Finalement, l’ouvrage esquisse un double portrait. Au portrait spirituel d’un homme de cœur fait contrepoint le sombre visage du temps présent. J. M. se livre-t-il sans cesse à des diagnostics contrastés, en distinguant avec force instruction et formation, enseignement et pédagogie, école et lieux de vie, République et démocratie, les élèves et les jeunes, etc. ? On aurait grand tort de voir là un parti pris passéiste. Quand ici et là J. M. évoque avec tendresse l’école qu’il connut élève, nulle idéalisation chimérique du jadis, nulle dépréciation abusive de l’indéfini chantier de la rénovation contemporaine. Non, l’école, à laquelle J. M. se consacre, cette héroïque foi en l’instruction, en la vitale nécessité pour chacun que lui soit, « une fois en la vie », rendu possible, à l’abri des puissances, des pressions, de l’urgence, le loisir de penser, cette nécessité humaine, est à l’évidence une Idée de la Raison – au nom de laquelle juger de l’état de choses et peser autant qu’il est en nous. Il en va de l’école comme de la République : inséparables – leur réalité est suspendue au sens de la grandeur qui habite l’âme des individus autant qu’elles contribuent à l’insuffler.

La philosophie, « passion de l’essentiel », voilà le fil d’Ariane. L’envers de cette conviction, relativisme culturaliste (« depuis qu’on nomme culture ce qu’autrefois on nommait préjugés » !), scepticisme éthico-politique et fanatisme terroriste sont à maintes reprises exécutés dans l’effarante solidarité qu’ils entretiennent (« quand le folklore prétend à l’histoire, c’est le triomphe assuré de la terreur »).

Tout l’ouvrage, dans l’extrême diversité des objets abordés, incarne ce qu’il défend comme culture véritable. L’originalité propre des méditations venues de loin, mille fois reprises, et finalement livrées avec la délicatesse qui fait grâce au lecteur des échafaudages et des repentirs ne saurait tromper.

Finalement, avouons notre préférence pour les écrits appelés lectures philosophiques et aussi deux vifs regrets. C’est qu’en effet, d’abord, quelques philosophes authentiques paraissent sans vraie raison philosophique trop malmenés, au détour de quelque phrase. L’Être et le Néant mérite d’être lu pour la philosophie de la liberté que Sartre élabore ; quel que soit le jugement porté sur la vie et le rôle public de l’auteur, l’œuvre ne peut avec bonne foi y être réduite. Quant aux politiques menées au nom du marxisme-léninisme, elles entretiennent un rapport souvent aussi éclairant avec l’œuvre de Marx que l’Inquisition avec les Évangiles. Il n’y a aucune raison de s’en tenir à la caricature dogmatique à laquelle S. Weil elle-même n’échappe pas pour parler des œuvres hautement problématiques dans lesquelles Marx n’a jamais achevé sa philosophie. D’autre part et par-dessus tout, quel regret que J. M. ait si peu livré ses « lectures ». Partout en effet, quel que soit l’objet, vibre et résonne Platon, mais aussi A. Comte, mais enfin Rousseau. Les pages modestement appelées En lisant Rousseau sont lumineuses : maîtrise et précision parviennent en moins de dix pages à tout tenir ensemble comme doigts de la main.

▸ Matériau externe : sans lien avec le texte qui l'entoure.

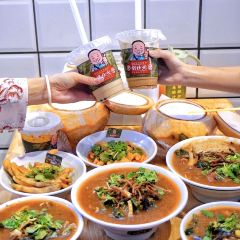 hu shi guang User Photo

Bref, on sent bien une méfiance toute platonicienne à l’égard de l’écrit, et que ce style si ramassé, qui coupe élégamment toutes les amarres, est d’une façon d’écrire faite pour échapper au livre. Toutefois, l’union de la ferveur et de la connaissance rigoureuse des œuvres est si précieuse qu’il ne saurait déplaire aux dieux que J. M. fasse à ses contemporains le don gracieux d’autres lectures encore.


L’école ou le loisir de penser, recension par Frédéric Dupin

Nous remercions Frédéric Dupin de nous autoriser à partager ce texte.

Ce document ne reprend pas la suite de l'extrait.